**DATA EXTRACT**

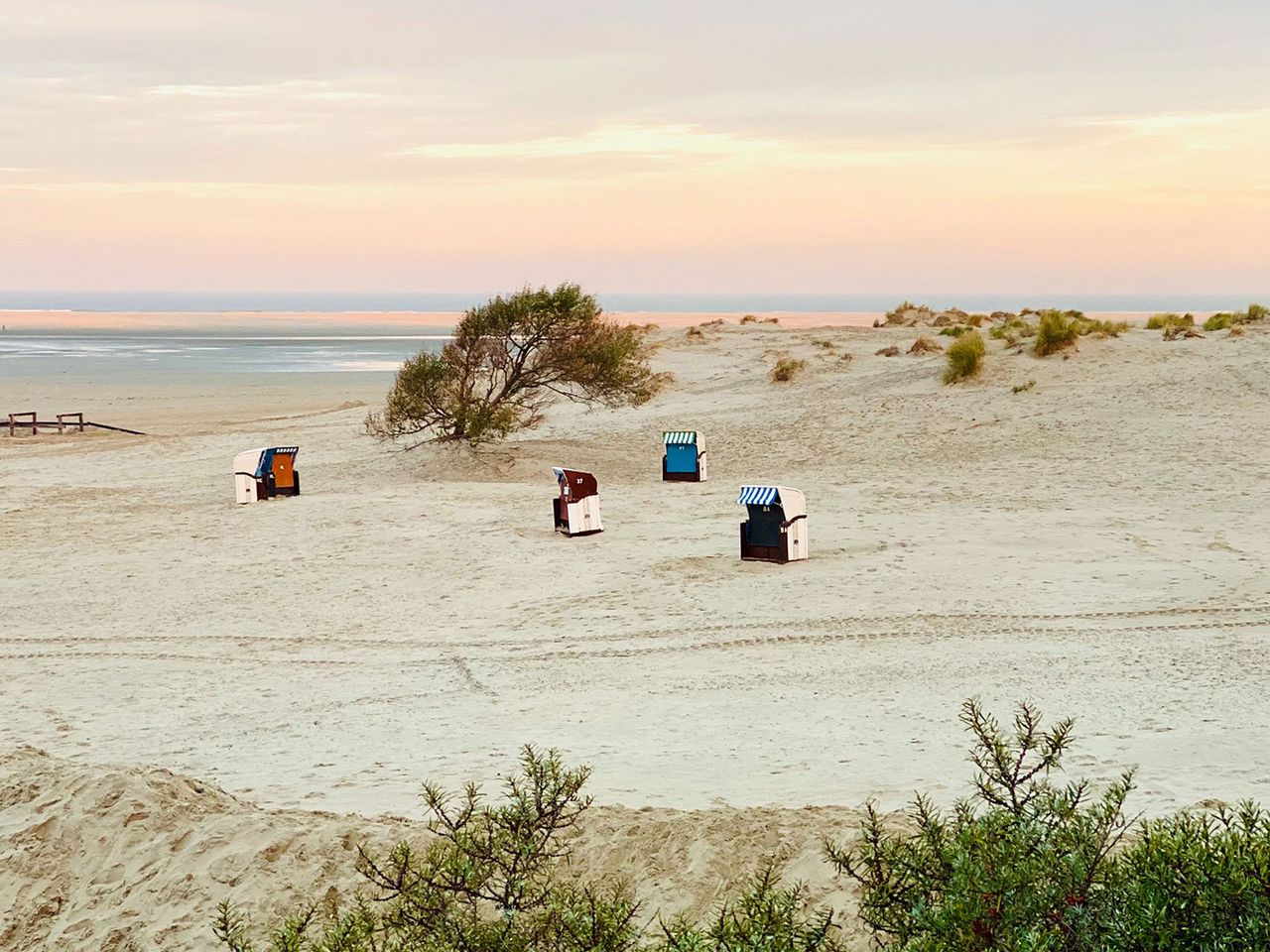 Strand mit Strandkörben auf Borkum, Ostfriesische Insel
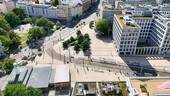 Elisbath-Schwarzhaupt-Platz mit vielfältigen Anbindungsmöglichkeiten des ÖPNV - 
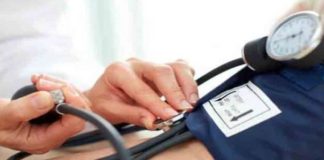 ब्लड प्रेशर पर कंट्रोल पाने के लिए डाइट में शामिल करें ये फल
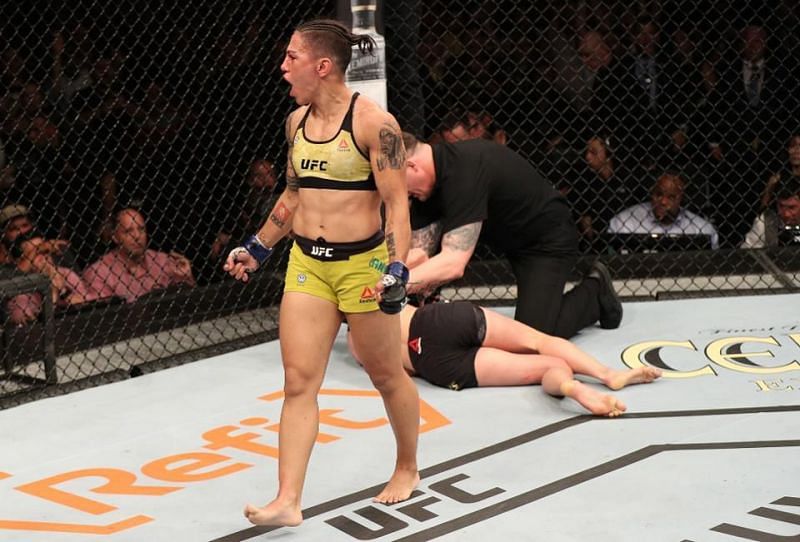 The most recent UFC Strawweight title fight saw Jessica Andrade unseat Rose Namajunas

**WHAT IS REQUIRED**
Only the lines from the one containing "Elisbath-Schwarzhaupt-Platz mit vielfältigen" through the final line of the listing should be reproduced, exactly and with no pictures.

**TASK ANSWER**
 Elisbath-Schwarzhaupt-Platz mit vielfältigen Anbindungsmöglichkeiten des ÖPNV - 
 ब्लड प्रेशर पर कंट्रोल पाने के लिए डाइट में शामिल करें ये फल
 The most recent UFC Strawweight title fight saw Jessica Andrade unseat Rose Namajunas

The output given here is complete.